In the largest deal in civil aviation history, Delhi-based low-cost domestic carrier IndiGo has placed an order for 180 aircraft with European-aircraft maker, Airbus. The deal is valued at $15.6 billion.
The deal will see IndiGo acquire 150 eco-efficient ‘neo' series A-320 aircraft, a model that was launched in December. The remaining orders are for the standard A-320s aircraft. IndiGo already has 37 A-320s in its fleet.
Airbus officials said that the aircraft delivery will take place in a phased manner from 2016 to 2025. Late last year, the airline got ‘in-principle approval' by the Ministry of Civil Aviation for import of aircraft in the future.
Financing not divulged
Declining to go into the financing details for the deal, the airline President, Mr Aditya Ghosh, said that IndiGo will follow the same financing method as was used for purchasing 100 Airbus aircraft, a deal that it concluded in 2005. However, the method has never been made public. The airline will start taking delivery of the new aircraft ordered on Wednesday only after it completes the induction of the first 100 aircraft it had ordered earlier, Mr Ghosh said.
“It is too far out in the future to say whether we will have a fleet of 280 aircraft by 2025. Potentially, we could have a fleet of 280 aircraft, but there is a chance that some aircraft are returned or added to the fleet, hence it's difficult to predict the actual number,” he said.
Commenting on the deal, Dr Kiran Rao, Executive Vice-President, Marketing and Contracts, Airbus, pointed out that this is “the largest number of aircraft ordered in a single transaction in commercial aviation history.
IndiGo will be the first airline to operate the A-320neo in India. It will also be one of the first to launch the new aircraft amongst Asian carriers”. IndiGo is yet to decide on which variety of engines will power the aircraft. “We are looking at an engine of Pratt and Whitney and another by CFM. A decision is expected soon,” Mr Ghosh said.
The induction of A-320neo opens the possibility of the airline reducing airfares in the future. This is because the new aircraft offers a 15 per cent reduction in operating costs. “Fuel constitutes close to 40 per cent of the operating cost of airlines in India. If a carrier can cut its fuel bill, it can easily look at passing on the saving to passengers by offering lower fares,” said an aviation analyst.

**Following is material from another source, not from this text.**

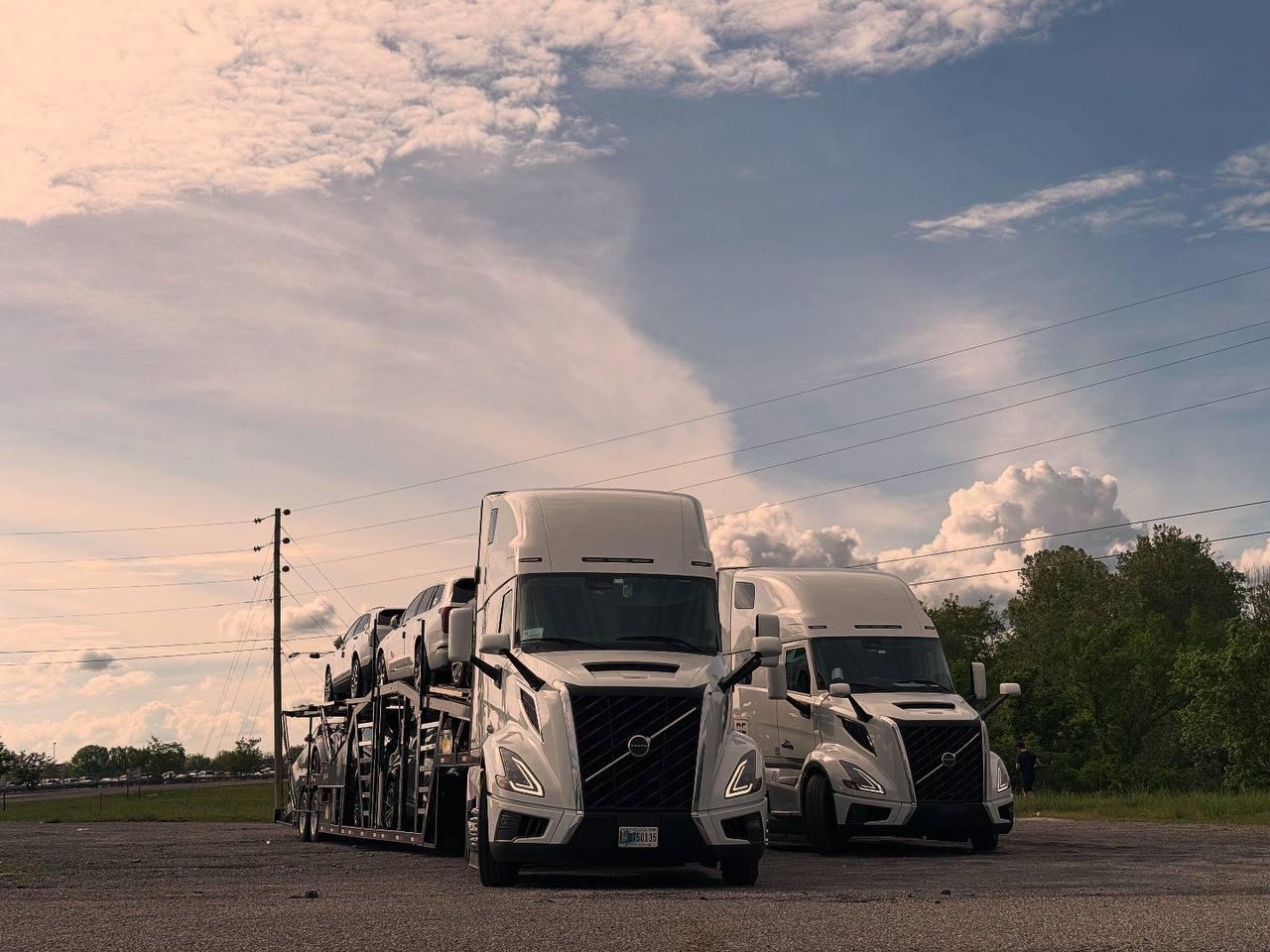 Two complete Dharma Express trucks with loaded auto carrier trailers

IndiGo's promoter, Mr Rahul Bhatia, Group Managing Director of InterGlobe Enterprises, said that fuel-efficient aircraft should help the carrier continue to offer low fares.
The deal is the second aircraft acquisition plan announced by low-cost airlines in India in less than six months.
Late last year, Delhi-based low-cost carrier SpiceJet had ordered 30 Boeing-737 aircraft valued at $2.7 billion.